Las migraciones contemporáneas son de cariz mucho más reciente. Si obviamos las españolas hacia Alemania y Francia en los años 60, una buena parte de cuyos protagonistas regresaron con sus ahorros –por más que del orden de 4 millones de franceses actuales son de origen español–, los fenómenos que mayor problemática cultural han ido causando se iniciaron con la llegada de un fuerte componente turco a Alemania –su antiguo aliado en la guerra–, país que ha acogido del orden de 3 millones de personas turcas, de los que medio millón cuentan, a todos los efectos, con la nacionalidad alemana. En Francia ha sido la descolonización la que ha llevado hasta suelo francés a más de 10 millones de personas procedentes de África, más del 15 % de su población total, con fuertes concentraciones en los departamentos del sur o en las llamadas banlieues –periferias– de las grandes ciudades.

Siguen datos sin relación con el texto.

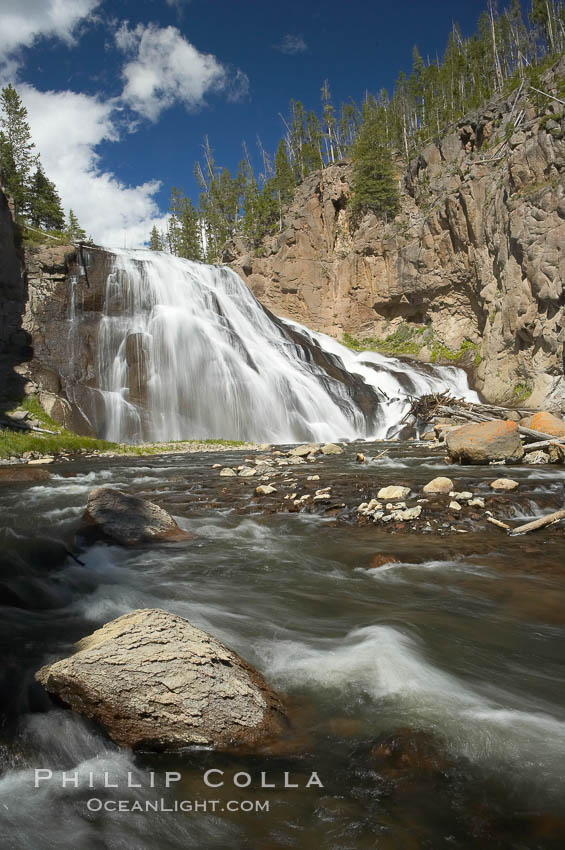 Gibbon Falls drops 80 feet through a deep canyon formed by the Gibbon River. Although visible from the road above, the best vantage point for viewing the falls is by hiking up the river itself. Yellowstone National Park, Wyoming, USA, natural history stock photograph, photo id 13283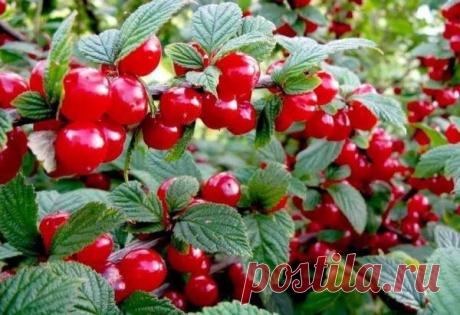 Посадка войлочной вишни, уход и вырезка. Как правильно высаживать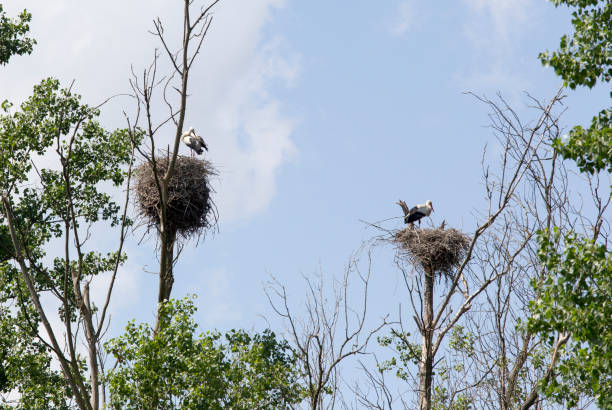 istock A view of stork nest 1264324625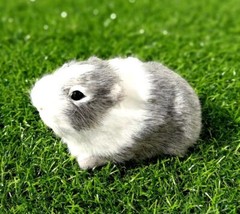 Gray Guinea Pig 5 Inch Fur Stuffed Animal Plush Toys Toddler Doll Kids Gifts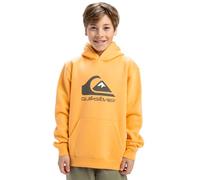 Quiksilver Big Logo Hoodie Maglia in pile Bambino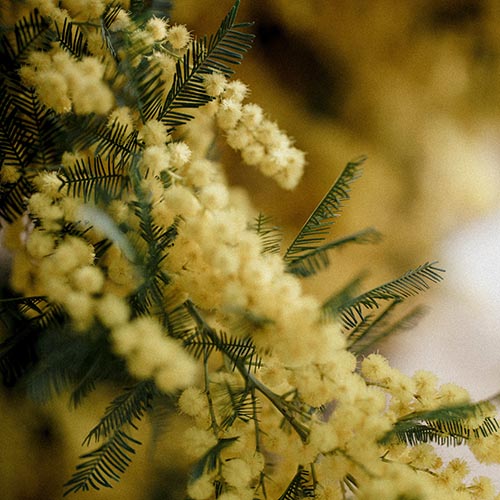 PERFUME EQUIVALENCIA 694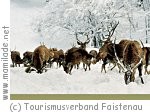 Wildtierfütterung in Faistenau Wildtierfütterung in Faistenau
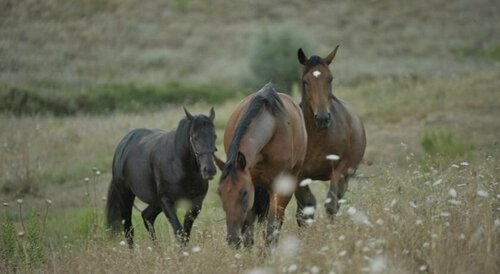 Agriturismo Renello, Reserva ahora Agroturismo Hoteles en Crete Senesi con desayuno, Desayunos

El fenómeno de las pateras hacia España e Italia –no se pierdan el durísimo largometraje de 2023, Yo capitán, de Matteo Garrone–, es del otro día como quien dice. Treinta años se cumplieron hace pocos meses del primer avistamiento en las Canarias. Desde entonces, sin embargo, migrantes marroquís y de la región subsahariana del Sahel han ido llegando a nuestro país, ocupando un mercado de trabajo precario que se ha concentrado en la agricultura y la construcción. En realidad, al sur de España se encuentra la frontera continental y marítima más estrecha del planeta, apenas 14 kilómetros, pero una de las más profundas culturalmente hablando. Nos separan la religión y el idioma, las formas de vida y, en especial, la emancipación de la mujer. Pero al sur de Gibraltar existen en la más cercana zona del Magreb 100 millones de personas, y en el Sahel, la región africana más pobre, la que alimenta las inestables pateras, la población se acerca a los 400 millones. Su paisaje doméstico está marcado por la presencia masiva de antenas parabólicas con las que observan las aparentes opulencias europeas.
Todo eso ocurre a diario en nuestro mundo y apenas existe una reflexión seria sobre tan trascendental contingencia de la época actual. Muchos intelectuales se conforman autorredimiéndose con buenas palabras y apelando a la falta de medios, políticas y educación. Muchos políticos lo obvian o echan balones fuera. Hay quien promete soluciones salvíficas y quien las toma a lo bruto, como el presidente Donald Trump o la ultraderecha perdida que ha encontrado un filón en ese malestar social. Y hay quien hace literatura irónica, como Michel Houllebecq, cuya novela Sumisión narra sobre estas cuestiones. La era de las democracias se enfrenta otra vez a un reto descomunal. Conviene tener un flotador a mano.